TASK TO CARRY OUT
A word-for-word copy of the records that follow is needed, with every picture omitted.

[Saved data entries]
--- START ---

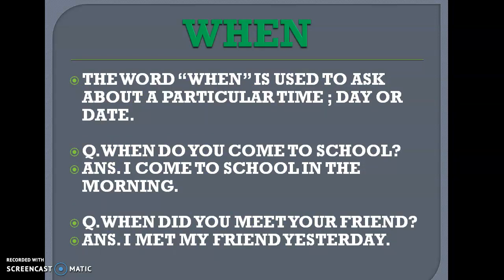The word 'when' is used to ask about a particular time, day, or date. For instance, 'When do you come to school?' You could say 'I come to school in the morning.' Or, 'When did you meet your friend?' You could say 'I met my friend yesterday.'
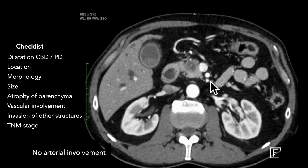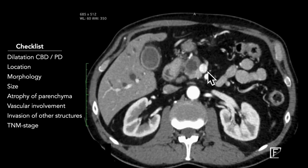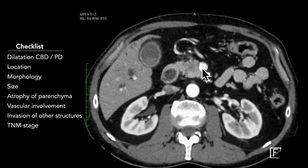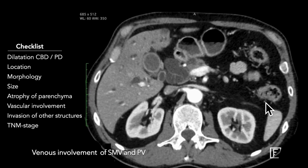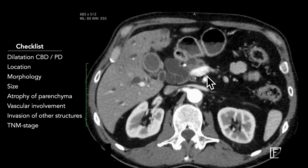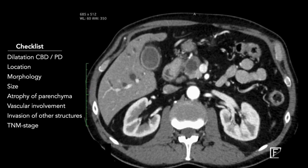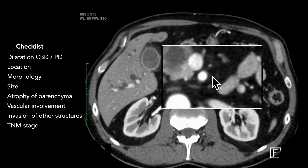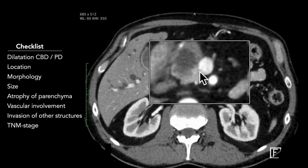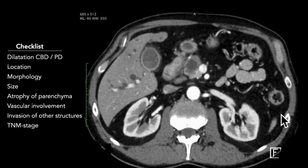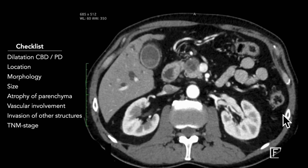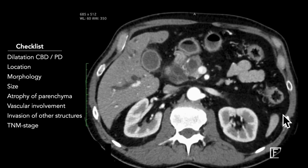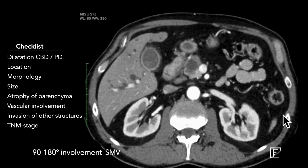In this case, there is a relation to relevant venous structures — both the superior mesenteric vein and the portal vein. Looking at the degree of involvement, there is just over 90 degrees of involvement of the superior mesenteric vein. One may want to look in other directions or create a curved MPR to confirm this involvement — just over 90 degrees but less than 180 degrees.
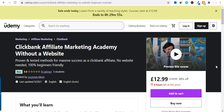In this video, I want to talk about my brand new course that I just launched on a platform called Udemy. A lot of people have been asking me this question: do you have any course that covers all Clickbank? And the answer is yes, I just launched a course called Clickbank Affiliate Marketing Academy, launched on a platform called Udemy.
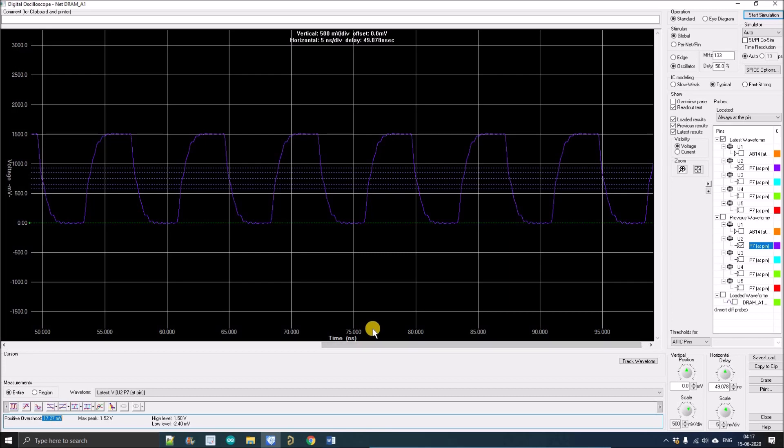These are the few features of HyperLynx. There are a lot more features that we're going to discuss in coming videos. So thank you guys.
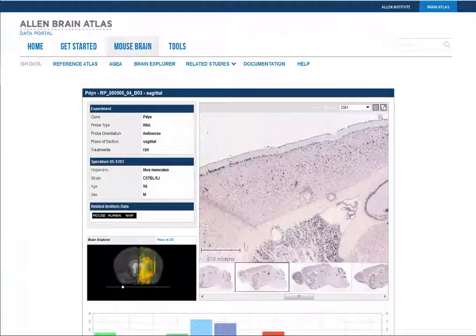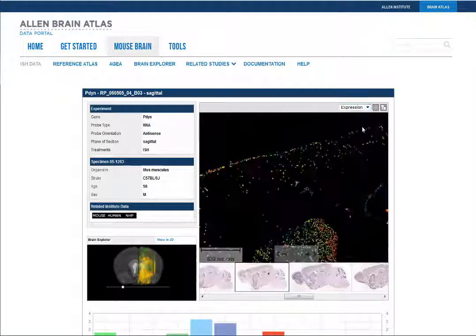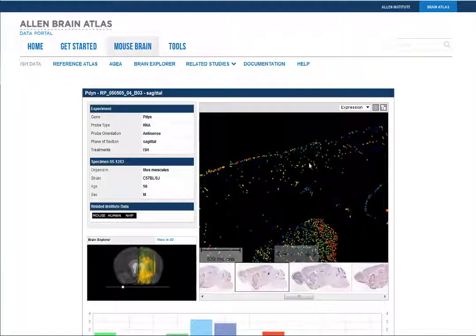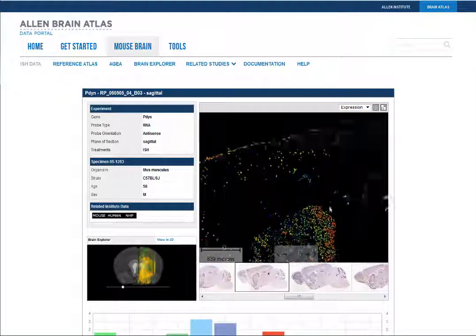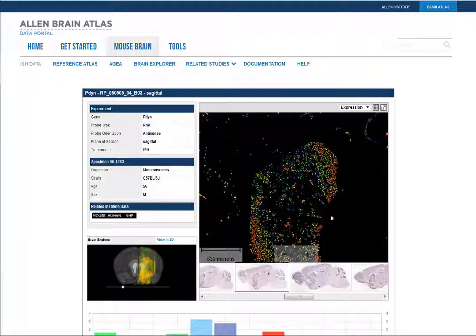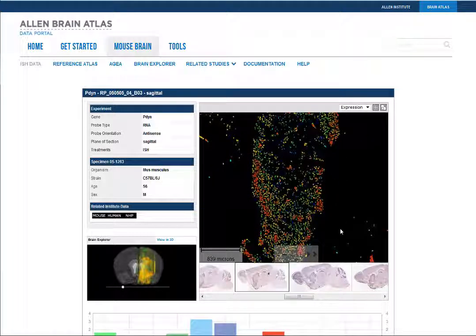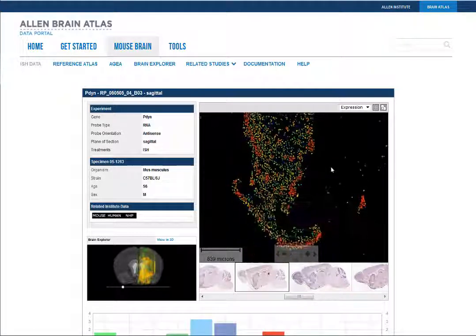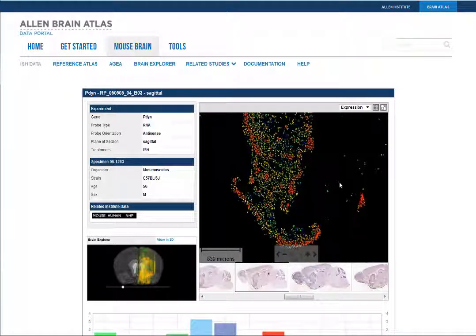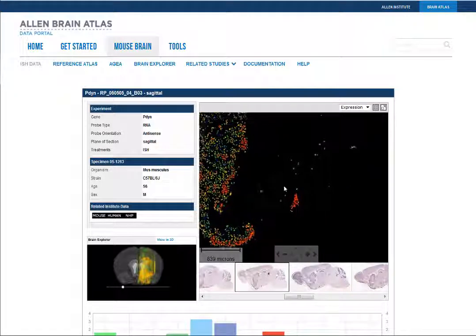The drop-down menu gives you access to the expression mask, which is a background subtraction algorithm which colorizes the expression from cooler colors for low expression to the hotter redder colors for high expression.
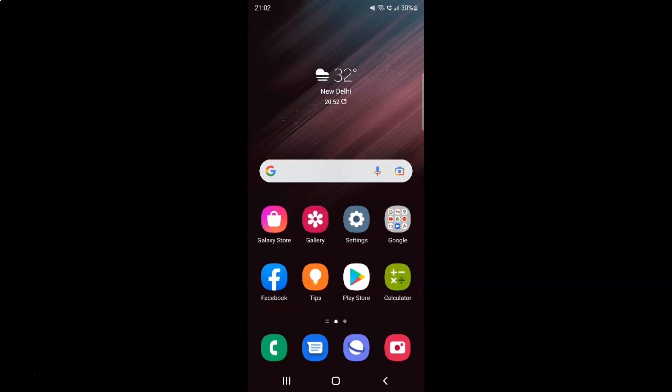Hi guys, in this video I will show you how to change location or city in the weather widget on Samsung Galaxy S22 Ultra. So this is my Samsung Galaxy S22 Ultra device.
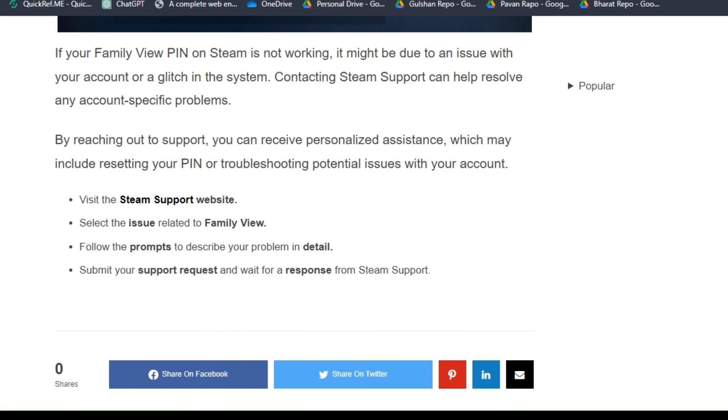You can simply visit the Steam website and select your issue related to Family View. Follow the prompts, describe your problem in detail, submit your request, and wait for a response from Steam Support.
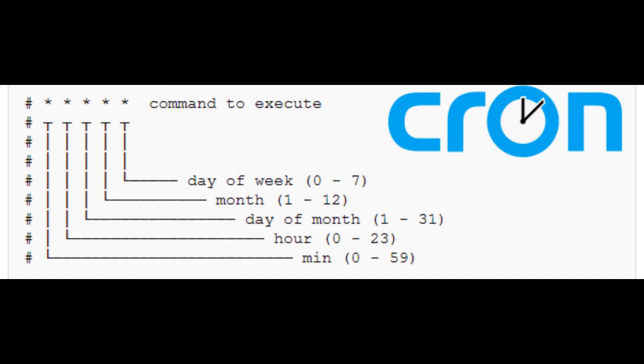Hey guys, welcome to the channel. In this video we are going to learn how to write cron expressions. By the end of this video, you will be able to understand what is a cron expression, how to write it, and what it denotes.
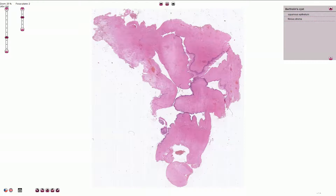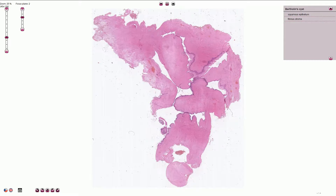Bartholin gland cyst is most commonly caused by the blockage of the duct of the Bartholin gland, and this obstruction is associated with retention of secretions and secondary cyst formation.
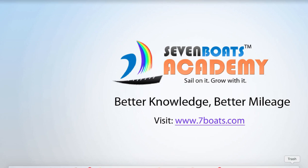Welcome to Seven Boats Academy. Right now we will discuss what is called mobile-friendliness and the mobile-friendly checker tool. It is a ranking factor that your website should be mobile-friendly.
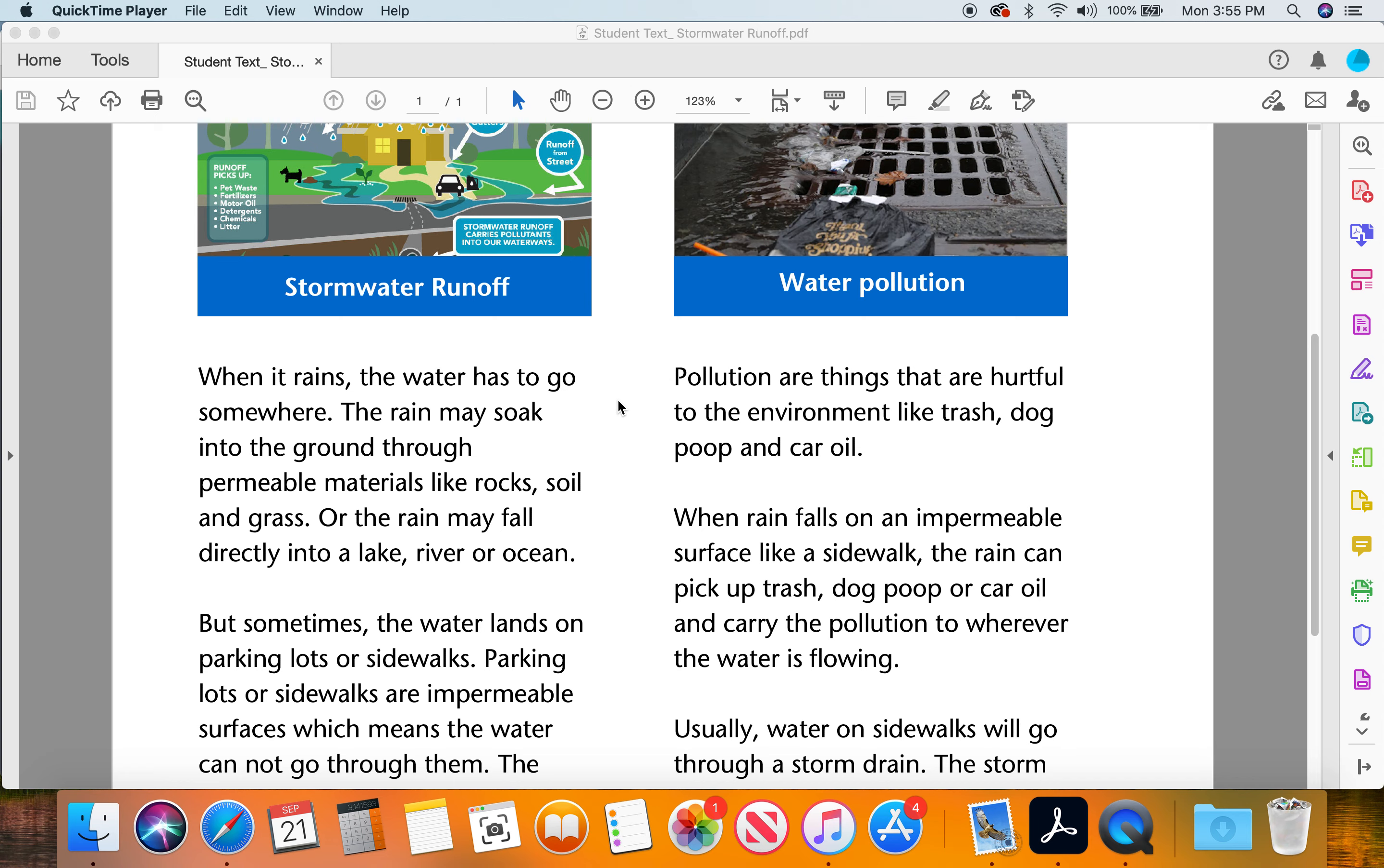Storm water runoff. When it rains, the water has to go somewhere. The rain may soak into the ground through permeable materials like rocks, soil, and grass, or the rain may fall directly into a lake, river, or ocean.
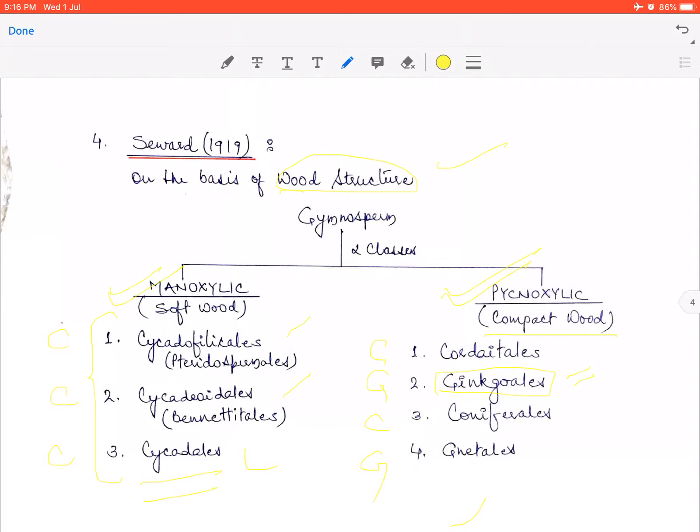Ginkgoales is represented by a single family Ginkgoaceae and the member is Ginkgo biloba, which has large leathery bilobed leaves with dichotomous venation. These leaves are the identifying feature of Ginkgo biloba. It is considered an auspicious and sacred tree. It is called a living fossil because it has megaphyllous leaves and multiflagellated, motile antherozoids — features of primitive gymnosperms.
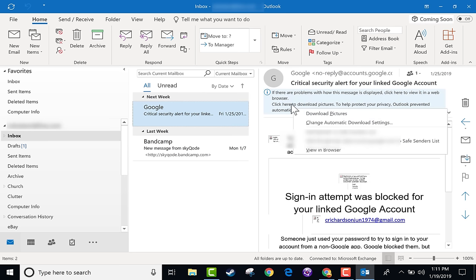I can also go to Sent Items, and my message shows up there so I know it was really sent. So even though Outlook can be intimidating for a lot of people, I hope this tutorial has helped you become more familiar with it and understand the basics of how to get started using Microsoft Outlook.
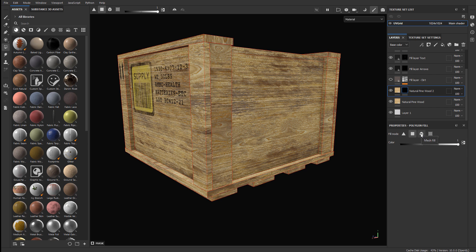And we can use any of these, but the most effective ones for this mesh, the way it was created, we can do Mesh Fill, because these wooden planks are individual meshes that were just combined with this entire supply crate as one. Or we can use UV Chunk Fill, because we know these are separate UV chunks. So, we can use one or the other.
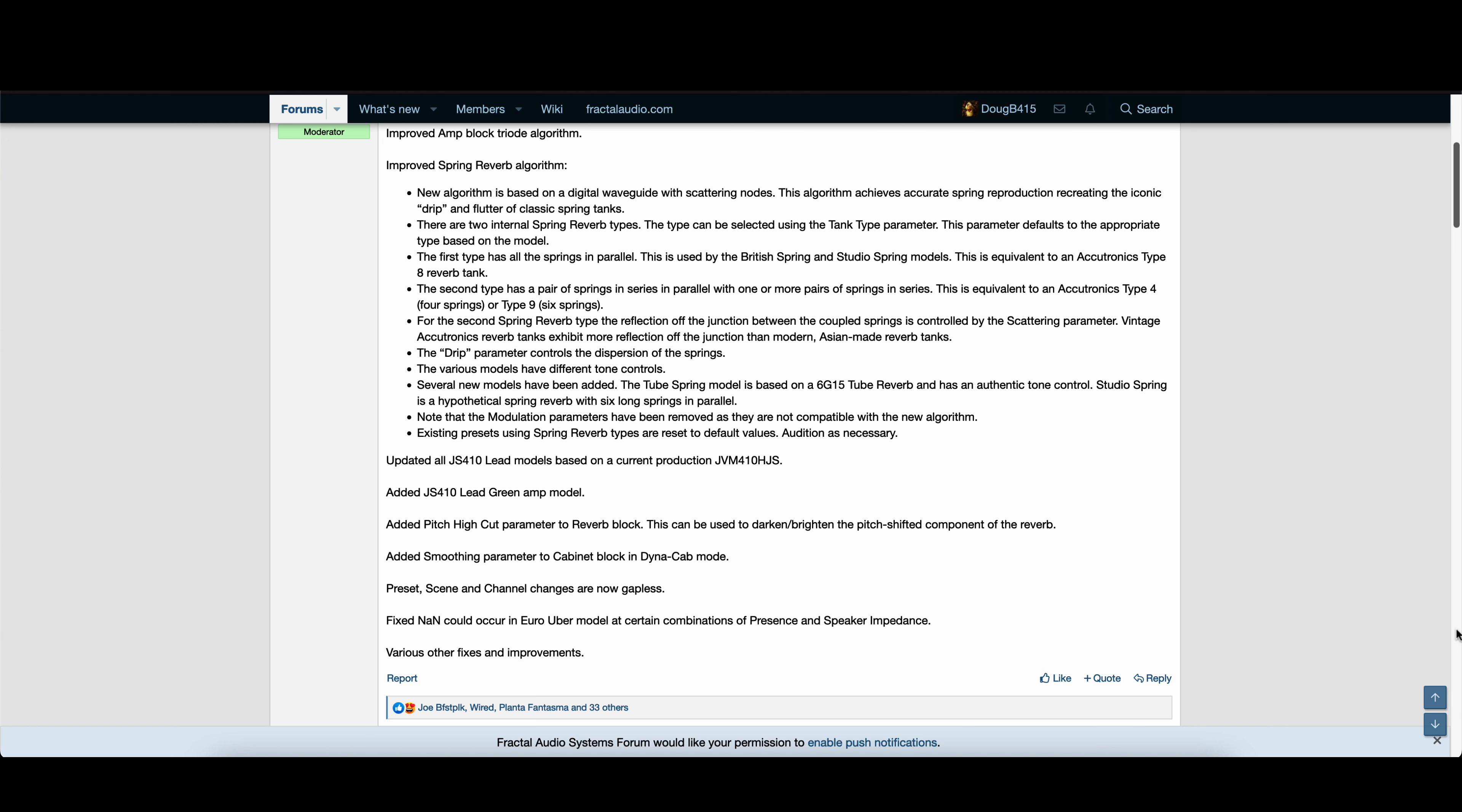Improved Amp Block Triode Algorithm. Improved Spring Reverb Algorithm. The new algorithm is based on a digital waveguide with scattering nodes. This algorithm achieves accurate spring reproduction, recreating the iconic drip and flutter of classic spring tanks. There are two internal spring reverb types. The type can be selected using the tank type parameter.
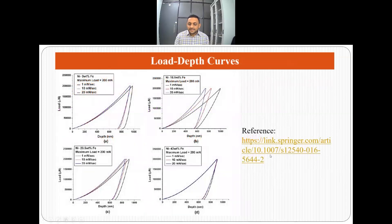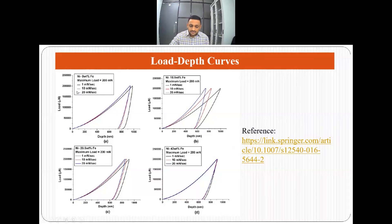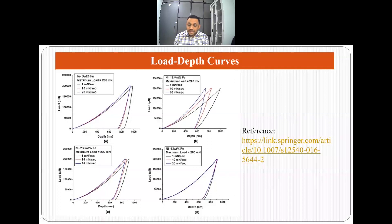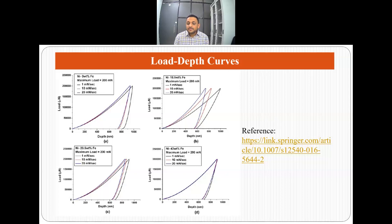The first result I obtained was the load-depth curves. Here you can see: this is load and this is depth. I could analyze the load-depth curves of different alloys — nickel 0 wt.% iron, nickel 18.5% iron, nickel 28.5% iron, and nickel 43.5 wt.% iron. You can use this approach for your own alloys and compare their load-depth curves to understand why you are getting the data from the nano-indentation experiment.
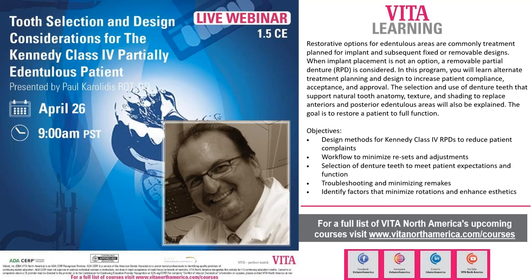Paul holds a bachelor's degree in gerontology from Laurentian University — a three-year degree. In the practicum component of that program, they visited long-term care facilities and saw clients there, so it does overlap with dental work.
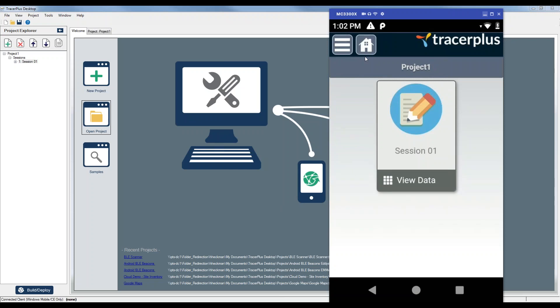Hello, everybody. My name is Howie Heckman with PTS. Today, I'm going to show you guys how to set up a Bluetooth beacon scanner with Tracer Plus, so you can start scanning for Bluetooth beacons within your Tracer Plus project.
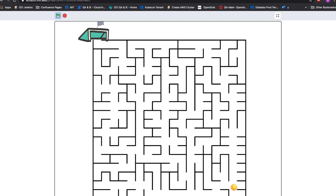This is a hard maze program. I hope you guys like trying it out, because I will soon play it on public.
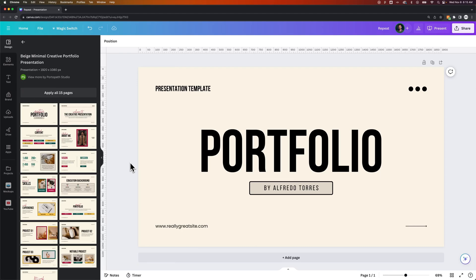In this Canva tutorial, we're going to take a look at how to add this outlined drop shadow effect in the text effects within Canva.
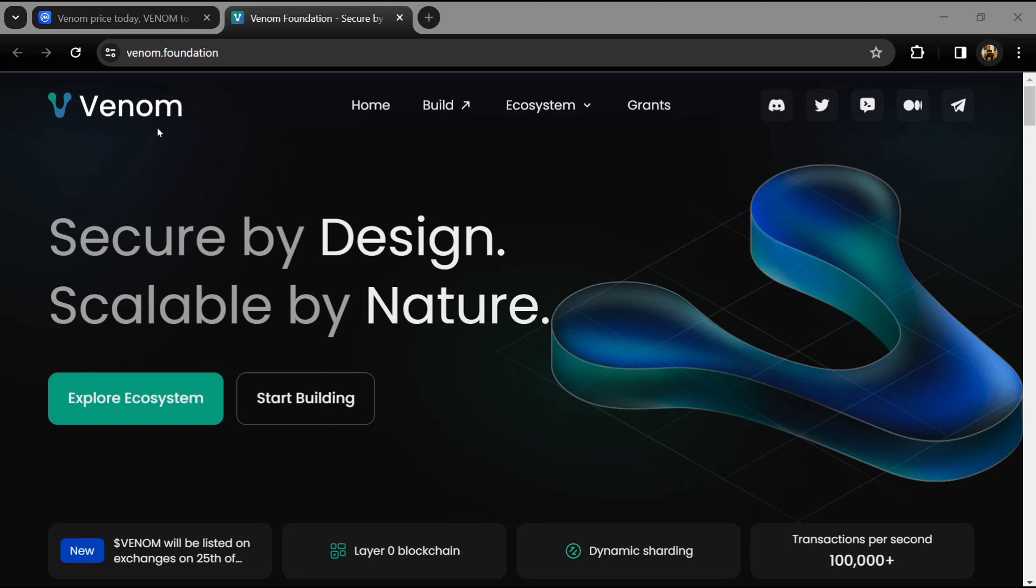Hello guys, today I'm going to tell you about the Venom token. Before we start the video, let's share my legal disclaimer: this video is only for educational purposes. Do your own research before investing.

--- END ---

TASK ANSWER
The word 'when' is used to ask about a particular time, day, or date. For instance, 'When do you come to school?' You could say 'I come to school in the morning.' Or, 'When did you meet your friend?' You could say 'I met my friend yesterday.'
In this case, there is a relation to relevant venous structures — both the superior mesenteric vein and the portal vein. Looking at the degree of involvement, there is just over 90 degrees of involvement of the superior mesenteric vein. One may want to look in other directions or create a curved MPR to confirm this involvement — just over 90 degrees but less than 180 degrees.
In this video, I want to talk about my brand new course that I just launched on a platform called Udemy. A lot of people have been asking me this question: do you have any course that covers all Clickbank? And the answer is yes, I just launched a course called Clickbank Affiliate Marketing Academy, launched on a platform called Udemy.
These are the few features of HyperLynx. There are a lot more features that we're going to discuss in coming videos. So thank you guys.
The drop-down menu gives you access to the expression mask, which is a background subtraction algorithm which colorizes the expression from cooler colors for low expression to the hotter redder colors for high expression.
Hi guys, in this video I will show you how to change location or city in the weather widget on Samsung Galaxy S22 Ultra. So this is my Samsung Galaxy S22 Ultra device.
You can simply visit the Steam website and select your issue related to Family View. Follow the prompts, describe your problem in detail, submit your request, and wait for a response from Steam Support.
Hey guys, welcome to the channel. In this video we are going to learn how to write cron expressions. By the end of this video, you will be able to understand what is a cron expression, how to write it, and what it denotes.
Bartholin gland cyst is most commonly caused by the blockage of the duct of the Bartholin gland, and this obstruction is associated with retention of secretions and secondary cyst formation.
Welcome to Seven Boats Academy. Right now we will discuss what is called mobile-friendliness and the mobile-friendly checker tool. It is a ranking factor that your website should be mobile-friendly.
Storm water runoff. When it rains, the water has to go somewhere. The rain may soak into the ground through permeable materials like rocks, soil, and grass, or the rain may fall directly into a lake, river, or ocean.
Ginkgoales is represented by a single family Ginkgoaceae and the member is Ginkgo biloba, which has large leathery bilobed leaves with dichotomous venation. These leaves are the identifying feature of Ginkgo biloba. It is considered an auspicious and sacred tree. It is called a living fossil because it has megaphyllous leaves and multiflagellated, motile antherozoids — features of primitive gymnosperms.
I can also go to Sent Items, and my message shows up there so I know it was really sent. So even though Outlook can be intimidating for a lot of people, I hope this tutorial has helped you become more familiar with it and understand the basics of how to get started using Microsoft Outlook.
And we can use any of these, but the most effective ones for this mesh, the way it was created, we can do Mesh Fill, because these wooden planks are individual meshes that were just combined with this entire supply crate as one. Or we can use UV Chunk Fill, because we know these are separate UV chunks. So, we can use one or the other.
Improved Amp Block Triode Algorithm. Improved Spring Reverb Algorithm. The new algorithm is based on a digital waveguide with scattering nodes. This algorithm achieves accurate spring reproduction, recreating the iconic drip and flutter of classic spring tanks. There are two internal spring reverb types. The type can be selected using the tank type parameter.
The first result I obtained was the load-depth curves. Here you can see: this is load and this is depth. I could analyze the load-depth curves of different alloys — nickel 0 wt.% iron, nickel 18.5% iron, nickel 28.5% iron, and nickel 43.5 wt.% iron. You can use this approach for your own alloys and compare their load-depth curves to understand why you are getting the data from the nano-indentation experiment.
Paul holds a bachelor's degree in gerontology from Laurentian University — a three-year degree. In the practicum component of that program, they visited long-term care facilities and saw clients there, so it does overlap with dental work.
Hello, everybody. My name is Howie Heckman with PTS. Today, I'm going to show you guys how to set up a Bluetooth beacon scanner with Tracer Plus, so you can start scanning for Bluetooth beacons within your Tracer Plus project.
This is a hard maze program. I hope you guys like trying it out, because I will soon play it on public.
In this Canva tutorial, we're going to take a look at how to add this outlined drop shadow effect in the text effects within Canva.
Hello guys, today I'm going to tell you about the Venom token. Before we start the video, let's share my legal disclaimer: this video is only for educational purposes. Do your own research before investing.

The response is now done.